Stefan Matthias Aust sma at 3plus4.de
Thu Feb 24 20:58:29 UTC 2000


At 12:33 24.02.00 -0500, Paul Fernhout wrote:
>Stefan Matthias Aust wrote:
>> For business applications, I'd recommend to stay with Dolphin ST.  Its
>> application framework (called MVP - Model View Presenter) is IMHO one of
>> the best things invented for Smalltalk.  Squeak has nothing comparable
>> (yet).
>
>Sad, but true...
>[...]
>It's especially sad because if even 1/10 the effort that went into
>Morphic was spent making some standard widgets under MVC (drop down
>lists), simplifying install and distribution of an EXE/whatever, and
>making the base distribution a minimalist one (with stuff like Alice or
>VM generation added as desired rather than removed), Squeak would
>probably have a hundred times as many users and have/had a real chance
>of big success against Java, Python, etc.
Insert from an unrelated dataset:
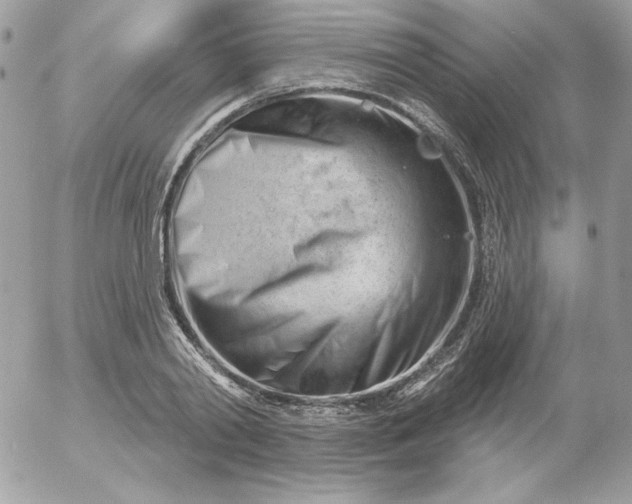 X0000052940790200507221145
A little bit too optimistic IMHO but I agree in principle.

I don't think that it would be worth the effort to work on MVC.  Better
create a lightweight morphic-like thing that will replace it eventually
(see my other email).  Creating an MVC gui is like working in the stone
age.  Morphic is better but bloated with cool and interesting
functionalitly which still isn't not needed for business applications and
which better should be factored out. It's a little bit slower but that
actually there's no reason why it couldn't be as fast as MVC once you get
rid of that extra stuff like players.

Installation is pretty easy and could be even easier if we'd use tools like
InstallShield (or similar quasi-standard tools for other platforms) or have
a self-installing Squeak eventually.

Deployment, I agree, is still very difficult and it borders to magic (a
saying that at least in German makes sense) to strip an image in an optimal
way.

I'm also a fan of minimalism and I'd prefer a modularized system.  However,
I'm also a big fan of development images as this allows one to continue
exactly in that state where you left you system.  Pretty nice and even
Windows 2000 starts to support such a feature now.

A smaller system would - I think - attract more users as it is easier to
understand and to learn.  Even a command line mode would be a good thing here.
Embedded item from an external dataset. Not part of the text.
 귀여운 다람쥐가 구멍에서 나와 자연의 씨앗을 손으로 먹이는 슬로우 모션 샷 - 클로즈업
>It would seem obvious to me that a successful squeak would be:
>[...]

I agree completely. Unfortunately, I cannot affort to pay something [as
Paul suggested later in his email].  It's a devel's circle.  Once the
system is in a state ready for project you could probably attract customers
and do some payed work but you need work (and money!) to reach that state
first.

>==== a business proposal for people who want to make business apps =====

That's a great proposal.  But I'm not sure whether you know what you
offered here.  It's a lot of work for one person.  (So if anybody wants to
spend even more money on the development of Squeak, I'd happily join that
paid development force ;-)

>[...]
>* either a couple of PD or licensed fonts or maybe OS loadable fonts (if
>  legal), 

I'd prefer if I could use MS TTF fonts on Windows.  I *hate* the poor
quality of X fonts (at least as configured as at work).  Loading of other
TTFs would be nice as I'm a fontaholic.

>[...]
>* image generated from scratch (maybe),

This would have a very low priority for me.  Actually I see no immediate need.

>* VM GUI events (maybe), and

I'd change maybe to definitely.  At least things like #resize should be
passed to the Squeak system so that you don't need to manually call
"restore screen".

>Note: I don't propose delivering Windows or other platform specific
>frills like native widgets, COM support, or ODBC support. Squeak/Pro

...although database support is a must.  ODBC seems to be a good solution
to start with as this allows Windows users to access nearly everything and
ODBC is also often available for other platforms.


bye
--
Stefan Matthias Aust  //  Bevor wir fallen, fallen wir lieber auf.